Start of EXTRACTED ENTRIES

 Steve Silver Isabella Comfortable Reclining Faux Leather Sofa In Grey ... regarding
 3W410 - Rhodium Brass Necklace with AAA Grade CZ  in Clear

End of EXTRACTED ENTRIES
Start of EXTRACTED ENTRIES

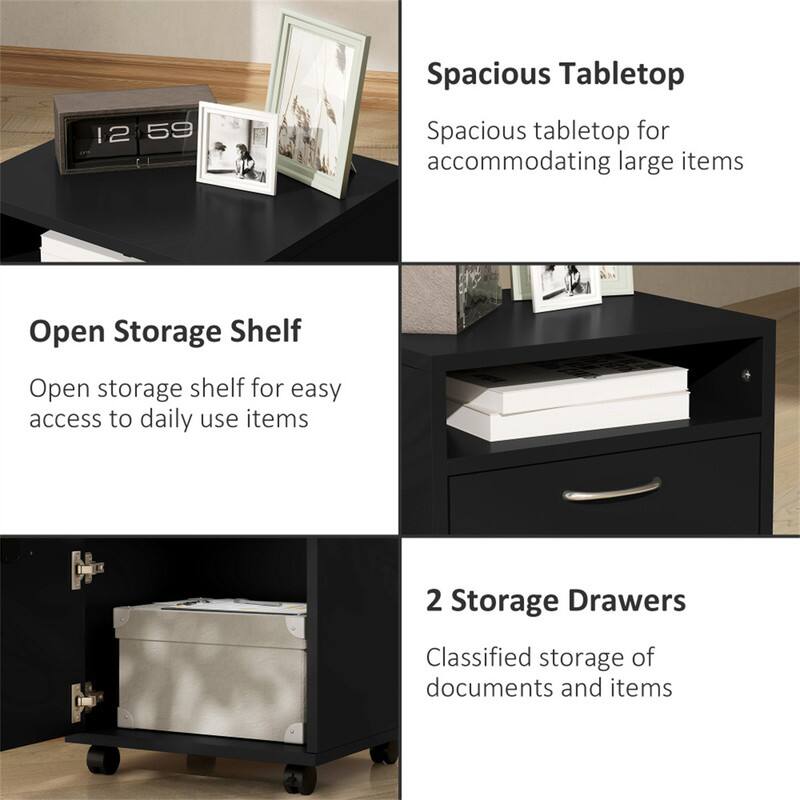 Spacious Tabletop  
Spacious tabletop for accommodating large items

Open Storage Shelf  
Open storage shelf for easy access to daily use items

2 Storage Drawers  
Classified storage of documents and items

End of EXTRACTED ENTRIES

=== EXERCISE DETAILS ===
Reproduce, word for word and in full, only the lines above that start at the line with "2 Storage Drawers" and run through the line with "Classified storage of documents and items", both ends included.

=== WORKED SOLUTION ===
2 Storage Drawers  
Classified storage of documents and items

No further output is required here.